Well, Colossus breaks out of the lab and checks out his grave site which happens to be out in the backyard at about the same time as little Billy is out there. Billy and Colossus hang out and eventually Colossus’ wife and his brother see him, with the wife fainting and the brother running away all the way to New York! A frantic phone call to dad follows and Colossus uses his mind control powers to have his dad set Henry up so that Colossus can go put a colossal hurt on him.
Mind control powers? Well, yeah, you didn’t just think that this robot was just really smart and whiny did you? I wasn’t real sure how he got those powers, but there was a time when his dad was shining a flashlight off and on in his face and made a comment about “power hypnosis” but I was thinking he was using it on Colossus, not teaching it to him! It doesn’t really matter because the power I was most puzzled by was Colossus’s ESP.
ESP powers? Sure. It would just be stupid for a big robot to run amok without them, wouldn’t you say? No one is quite sure how Colossus acquired these powers - they just sort of appeared one day when he predicted a big shipwreck thousands of miles away. Somehow they claim that his ESP powers let him know exactly where Henry was in New York, but that was sort of pointless since he just used his mind control powers to force William to set Henry up for the kill! Of course, these two powers pale in comparison with the laser beams Colossus shoots out of his eyes!

Eye-mounted laser beams powers? Best power ever! This one just appears when he needs to kill people, and is never explained either, but you can let that slide because it leads to the grand finale when Colossus goes over the edge (declaring that he is no longer going to be working to save “human trash”) and stomps over to the United Nations, crashes through a big glass window and starts strafing everyone with his laser beams! That sucker must’ve killed twenty people before he told Billy to shut him down, because he couldn’t help himself. Best scene in the movie! (Other than Ross Martin getting creamed by that truck.)
Not a very good retelling of the Frankenstein story, what with Colossus developing powers whenever he needs them and the fact that Colossus also goes on a rampage for no real reason. The movie had no style and what with the film speeded up once in awhile to get the monster moving and the horrible piano-based score, I felt like I was watching a silent movie every now and again (except for Ross Martin screaming as that truck left tire marks on his butt). The sound effects are also distracting as there is this crackly, electrical sound coming from Colossus all the time. Memo to Henry: First order of business on the upgrade is a muffler!

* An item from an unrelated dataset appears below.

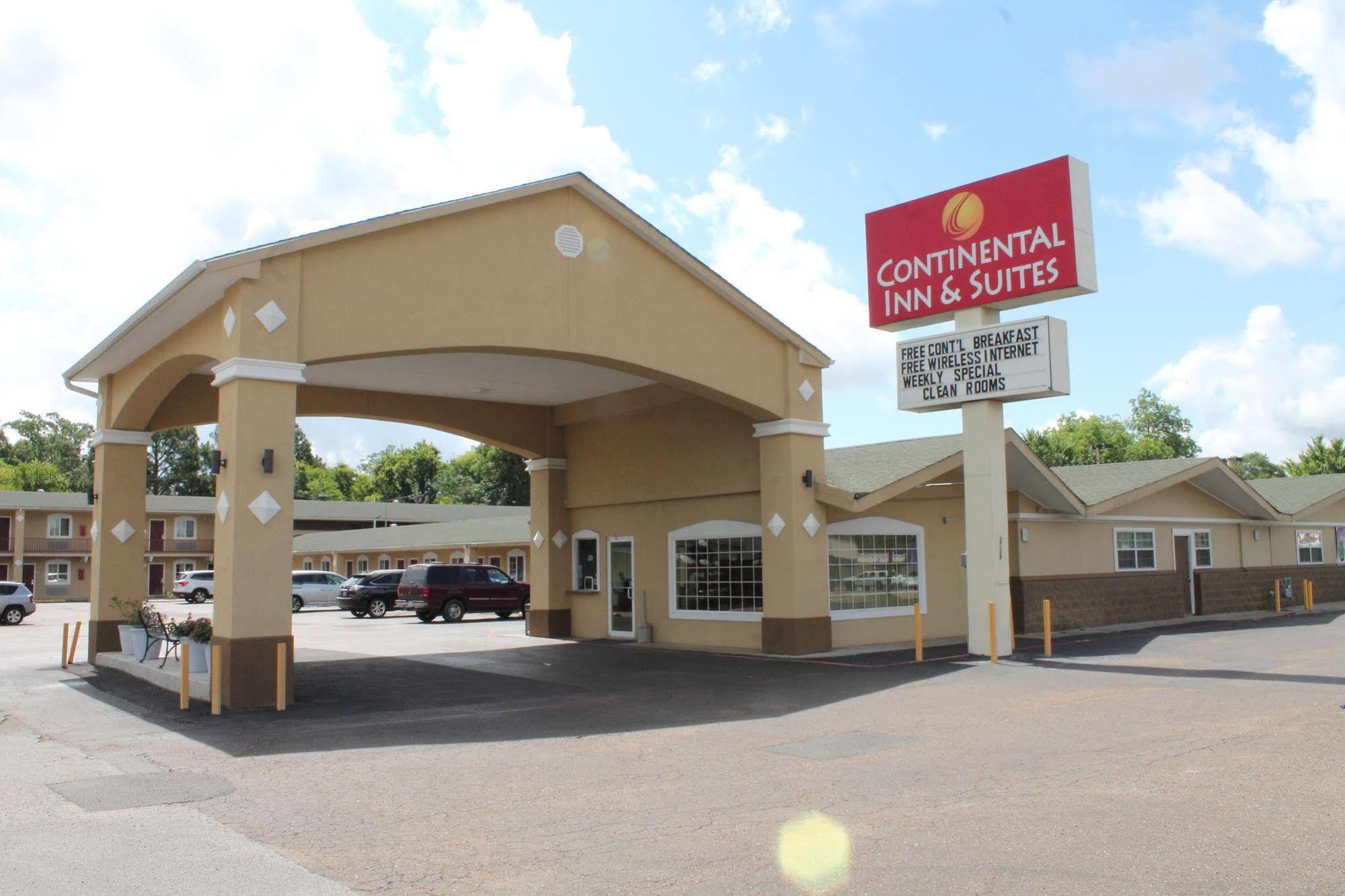 Continental Inn And Suites Nacogdoches Tx Sfa University Downtown Bagian luar foto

The movie also suffered from a feeling of the story and the characters being completely underdeveloped. The father seemed pretty much nonplussed by everything that went on. The widow didn’t have much of a role (what sort of monster doesn’t end up taking the woman hostage?) and nobody cared at all when Henry was killed. There was also the scientist that argued with the father after the funeral. What was the point of his character? He appeared in about three scenes even though he seemed to be more of friend to the widow than Henry did. And one of his scenes was at the very end of the movie when after Colossus is lying in a heap amongst the corpse of all the people he just zapped, the father lamely tells this scientist “yep, looks like you were right all along. People do need souls after all.” Well, at least someone learned something from all this. You don’t need any of Colossus’s secret powers to tell you that this film could have benefited from its own brain transplant.